Et en Europe non plus jadis l'amour au grand jour entre un homme et une femme ne pouvait librement s'exprimer, les peintres devaient user de paraboles, Vénus et Mars en chair en os et à poil, tout au plus osait-on montrer de frustes paysans danser des bacchanales, comme chez Bruegel, mais donner à voir un vrai couple, qui s'aime – car il faut s'aimer pour désirer se faire tirer le portrait ensemble, comme nous le faisons en photo aujourd'hui - il aura fallu la Renaissance, Van Eyck et ses époux Arnolfini. Et la modernité en Occident pour moi, comme pour certains historiens du quotidien, ce ne sont pas tant les machines l'industrialisation le progrès technique, que ce lent affranchissement des femmes vers plus de liberté, donc d'égalité, donc d'amour partagé, mon enfant ma sœur mon amour au grand jour** .

Et la preuve que le monde arabe et musulman sort de son Moyen-Age, et conquiert doucement sa modernité, je la vois dans tous ces nouveaux couples qui émergent, dans cette égalité homme-femme qui s'affirme doucement, dans un sentiment amoureux qui ose à nouveau s'exprimer au grand jour comme aux temps éclairés de l'Andalousie toute en poésie ou de la Perse en ses délicates miniatures, où la religion bien moins qu'aujourd'hui faisait peser ses interdits.

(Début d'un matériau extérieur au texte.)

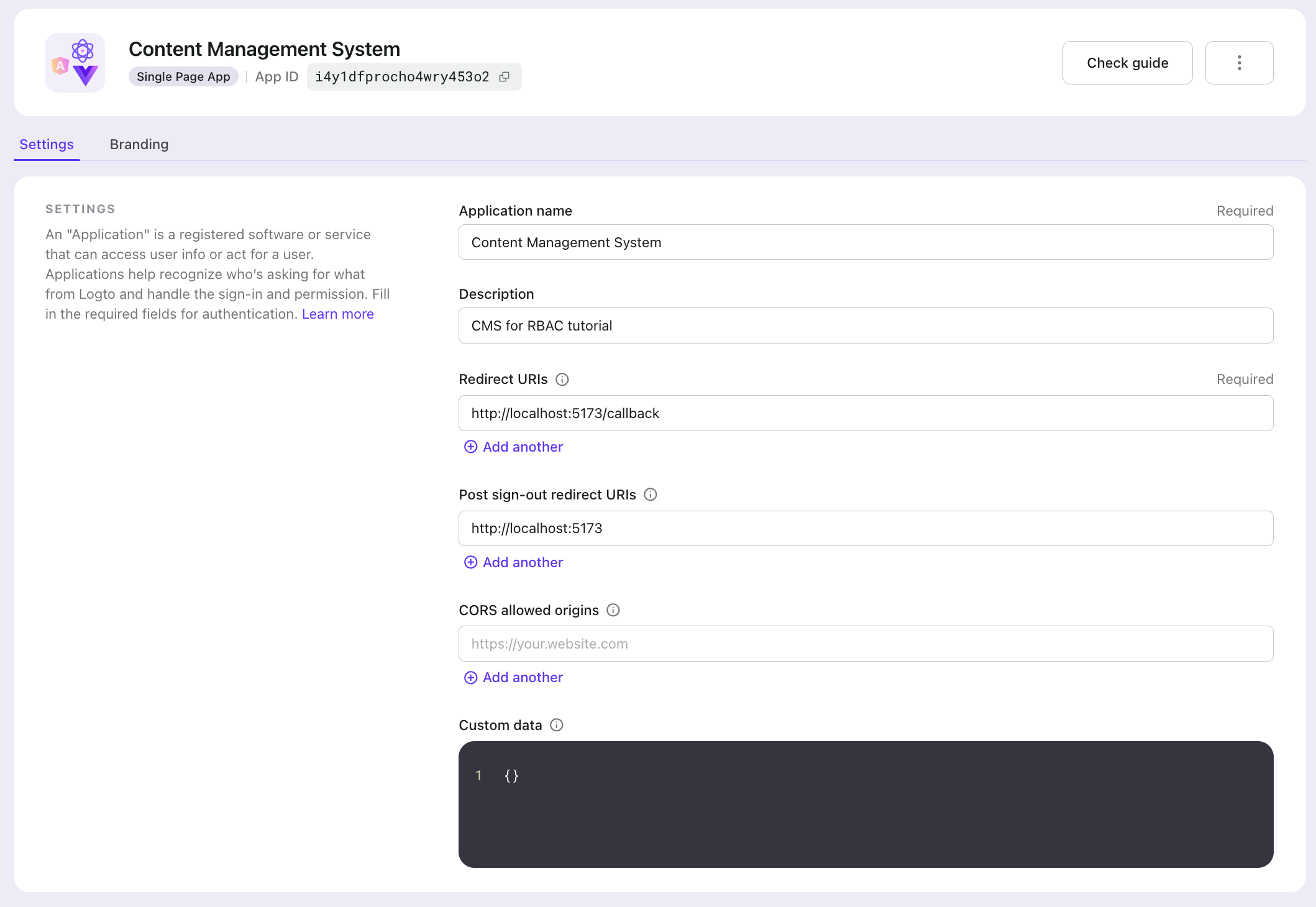 CMS React application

La modernité en marche dans le monde arabe, je la vois dans ces couples qui osent, comme on le voit désormais de Rabat à Damas, s'afficher amoureusement dans la rue, se tenant par le bras les épaules ou la main, même si la jeune fille ou jeune femme est voilée. Car leurs parents ou leurs grands-parents n'auraient pas pu le faire, ne pouvant afficher de dévotion publique qu'à Dieu seul.

Dans le monde arabe, les femmes sont en train de gagner leurs batailles pour l'égalité avec les hommes, ni en manifestant ni en revendiquant, mais par cet amour qu'elles osent afficher pour leur homme dans la rue, par cet amour qu'à son tour celui-ci ose leur exprimer en public, nouvelle égalité qu'elles sont en train de vivre, avec leur compagnon de vie, leur égal, leur frère.


* On ne rentrera peut-être plus jamais chez nous, Editions EDDIF/Paris Méditerranée, 2002
** Voir par exemple le superbe ouvrage de Florence Montreynaud, Aimer. Un siècle de liens amoureux, Editions du Chêne, 1997.